Não foi só a eleição do Sindicato dos Servidores marcada por confusões. A posse da diretoria, que aconteceu na noite de quinta-feira, também está rendendo críticas ao presidente reeleito, José Nhozinho Ramos, o “Paraná”. Duas servidoras acusam o sindicalista de ter usado seus nomes e imagens para arrecadar votos. Elas, que acreditavam estar inscritas como integrantes da diretoria, afirmam que apenas no momento da posse foram avisadas de que não assumiriam os cargos prometidos.
Neuza Maria Santos e Maria Vilma Pereira dos Santos, servidoras da Saúde, foram procuradas por “Paraná” no início do ano.

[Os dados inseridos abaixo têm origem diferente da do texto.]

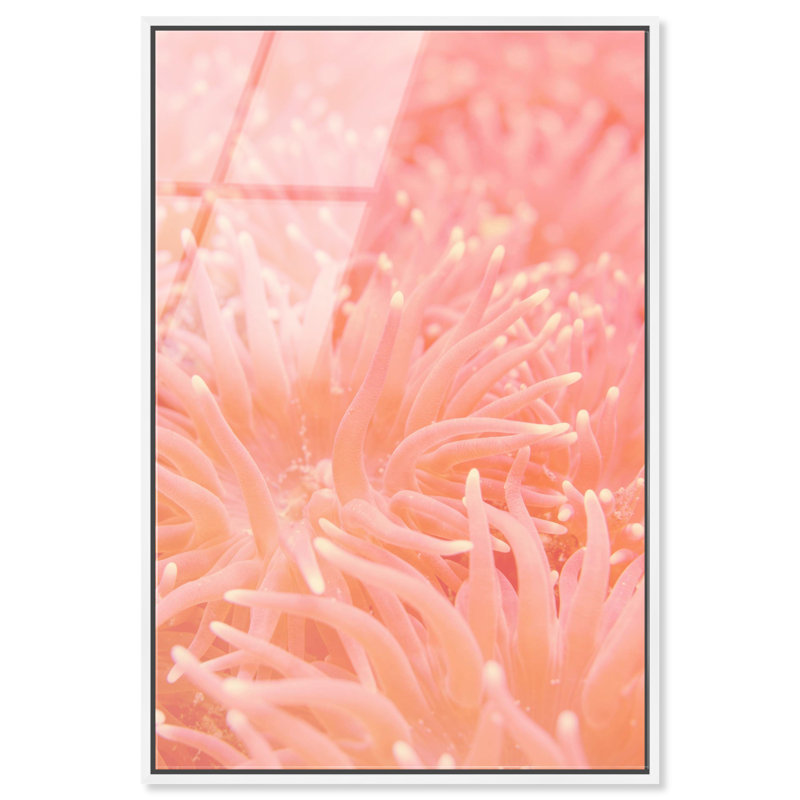 Deep Sea Flowers Print by Oliver Gal, 16"H x 11"W, White Floater Frame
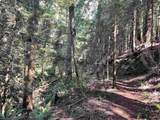 981 Conrad Road - Photo 35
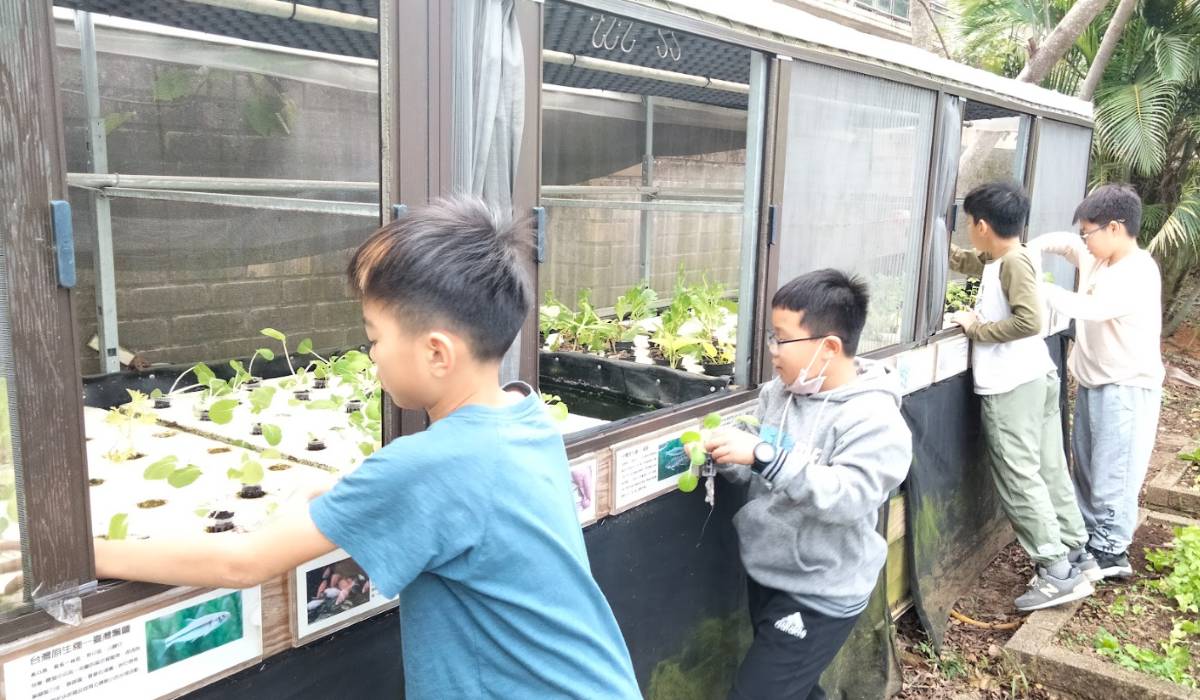 潛龍國小團隊訪查校內魚菜共生區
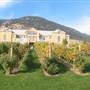 TINHORN CREEK WINERY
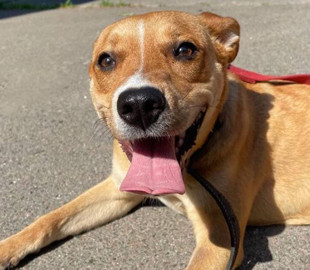 На ВДНГ кияни стали в чергу, щоб забрати врятованих із зони бойових дій тварин
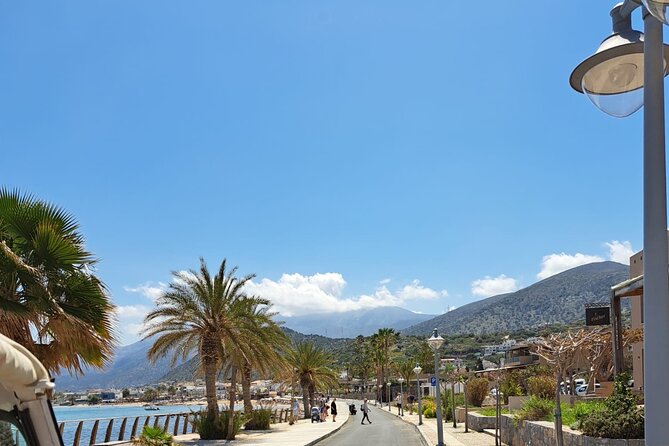 7 Villages Tuk Tuk Tour in Crete with Free Time in Sissi - The olive oil, honey, and raki tasting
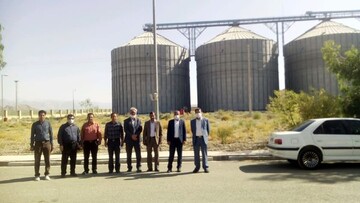 بازدید رئیس سازمان جهاد کشاورزی استان کرمان از تحویل گندم به سیلوهای شهرستان ارزوئیه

A proposta era para que elas fossem candidatas na sua chapa. Aceitaram.
Entregaram e assinaram documentos, sem ler. Semanas antes da eleição, os panfletos de campanha estavam espalhados nos setores da Prefeitura. Neles, as fotos de Neuza e Vilma as indicavam como integrantes da diretoria no Conselho Consultivo.
Durante o pleito, as servidoras saíram nas repartições e pediram votos para “Paraná”, que concorria sozinho. Sem quórum suficiente para se reeleger, ele convocou uma segunda eleição. Desta vez, de acordo com edital publicado pela entidade, o sindicalista sairia vencedor com qualquer número de votos porque não tinha concorrentes. Venceu.
Na quinta-feira última, dia da posse da nova diretoria, Neuza e Vilma chegaram cedo ao Sindicato. Foram ao cabeleireiro e se arrumaram todas. Esperaram ser chamadas, mas isso não aconteceu. Após empossar todos os diretores, Paraná informou que elas estariam de fora porque faziam parte da chapa que não participou do pleito. “Ele disse que registrou duas chapas. Uma com membros da região, que foi a eleita, e outra só com servidores de Franca.
É nesta última, segundo ele, que nós estávamos”, contou Neuza.
A situação causou discussão entre os servidores e deixou Neuza e Vilma abaladas. “O Paraná me expôs e me humilhou”, disse Neuza, ontem, no programa “Hora do Cacete”, da Rádio Difusora. A servidora afirmou que conseguiu inúmeros votos para o colega. “Eu confiava nele (Paraná). Via as pessoas falando mal e que não queriam votar e pedia para que votassem por mim. Ele calculou tudo isso. Já sabia que estaríamos de fora e usou nossa influência com os servidores para angariar votos”.
Vilma concorda. “O Paraná me usou. Chegou a passar na minha casa para buscar a mim e meu marido para levar à posse. Lá, me senti ridicularizada. Se ele tivesse avisado antes, teria ajudado na campanha da mesma forma, não precisava ter feito esse papel”. As servidoras afirmaram que vão ingressar com processo na Justiça por danos morais.
“Paraná” foi procurado pelo Comércio, em seu telefone celular, para dar sua versão para o caso, mas disse que não falaria. “Estou em reunião. Não precisa ligar de novo que não vou falar com vocês (do Comércio) sobre isso”.